Our station rarely gets a tip about a scam quite so sophisticated as the one we uncovered with the help of a viewer right here in eastern Idaho.
"I posted on Craigslist here in eastern Idaho and Idaho Falls," said Idaho Falls mom Tavia Pickett.
Pickett had five textbooks she needed to sell.
She did what a lot of folks would do in the Internet age --she made a post on Craigslist.
Soon after, she got a hopeful response.
"(He) asked me if I had the items still available for sale," she said, referring to the first e-mail response she received from a man who called himself Joel Harris.
Harris told Pickett he wanted those textbooks so badly, he would pay her $50 more than her asking price if she would guarantee they would go to him.
They texted back and forth. Harris sent Pickett a check.
"It's an $1,800 dollar check," said Pickett.
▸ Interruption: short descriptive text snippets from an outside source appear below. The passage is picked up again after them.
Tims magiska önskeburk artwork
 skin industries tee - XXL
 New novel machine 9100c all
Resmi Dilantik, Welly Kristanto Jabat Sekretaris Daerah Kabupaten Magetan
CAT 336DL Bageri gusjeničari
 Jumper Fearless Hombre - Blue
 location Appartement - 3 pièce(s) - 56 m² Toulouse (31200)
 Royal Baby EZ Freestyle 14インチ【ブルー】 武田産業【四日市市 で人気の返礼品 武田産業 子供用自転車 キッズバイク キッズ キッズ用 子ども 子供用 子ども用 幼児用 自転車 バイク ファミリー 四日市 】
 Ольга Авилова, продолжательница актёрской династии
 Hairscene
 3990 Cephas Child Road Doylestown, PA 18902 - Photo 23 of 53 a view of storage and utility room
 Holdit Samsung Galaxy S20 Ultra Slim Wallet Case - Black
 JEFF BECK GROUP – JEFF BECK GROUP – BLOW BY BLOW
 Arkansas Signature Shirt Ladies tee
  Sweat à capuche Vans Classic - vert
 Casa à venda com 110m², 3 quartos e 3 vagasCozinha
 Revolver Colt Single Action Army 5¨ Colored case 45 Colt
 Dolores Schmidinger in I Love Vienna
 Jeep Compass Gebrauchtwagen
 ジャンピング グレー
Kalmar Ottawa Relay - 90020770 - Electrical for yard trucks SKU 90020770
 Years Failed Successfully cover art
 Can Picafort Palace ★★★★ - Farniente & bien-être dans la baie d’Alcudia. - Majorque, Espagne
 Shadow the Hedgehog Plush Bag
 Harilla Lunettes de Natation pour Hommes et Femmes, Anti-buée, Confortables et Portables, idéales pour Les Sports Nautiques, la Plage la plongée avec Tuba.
The check Pickett got in the mail was about $1,600 more than the price of the textbooks. But her buyer had sent specific instructions.
"He told me once I received the check, that I was to put the money into my bank, then take out the money he was supposed to give me, then send the rest with the books back," said Pickett.
It seemed like a bizarre request.
Pickett read and reread those instructions -- to send the leftover cash back by Western Union. Her gut said something was wrong.
"We had seen a news article previously on your station that an older woman had been scammed out of $3,000," said Pickett.
Pickett spoke to friends and even called her bank.
"The bank told me the way the checks work is that you put it in the bank account, a few days later it will say that it's clear," said Pickett.
The bank told Pickett that's when victims of this scam often take out the extra money as instructed, and send it back to the scammer.
"And then a few days later it would say there's no funds available and that it's a phony check, and then I would have to repay the bank the $1,600 dollars," Pickett said the bank her.
The crook would get away Scott-free, since there would be no way to trace the Western Union payment.
"That's when I got upset and told him that he better leave me alone," said Pickett.
Pickett says the only way she realized this was a scam was by trusting the bad feeling she had, and by doing her research.
"Don't be too trusting, especially when it comes to a large amount of money," said Pickett.
If there's one piece of advice she says stands any scammer's test:
"Trust your gut," said Pickett. "It's easy for anyone to get scammed if you're not smart about it."
For questions about whether or not a particular transaction might be a scam, your local bank is a good place to look for answers.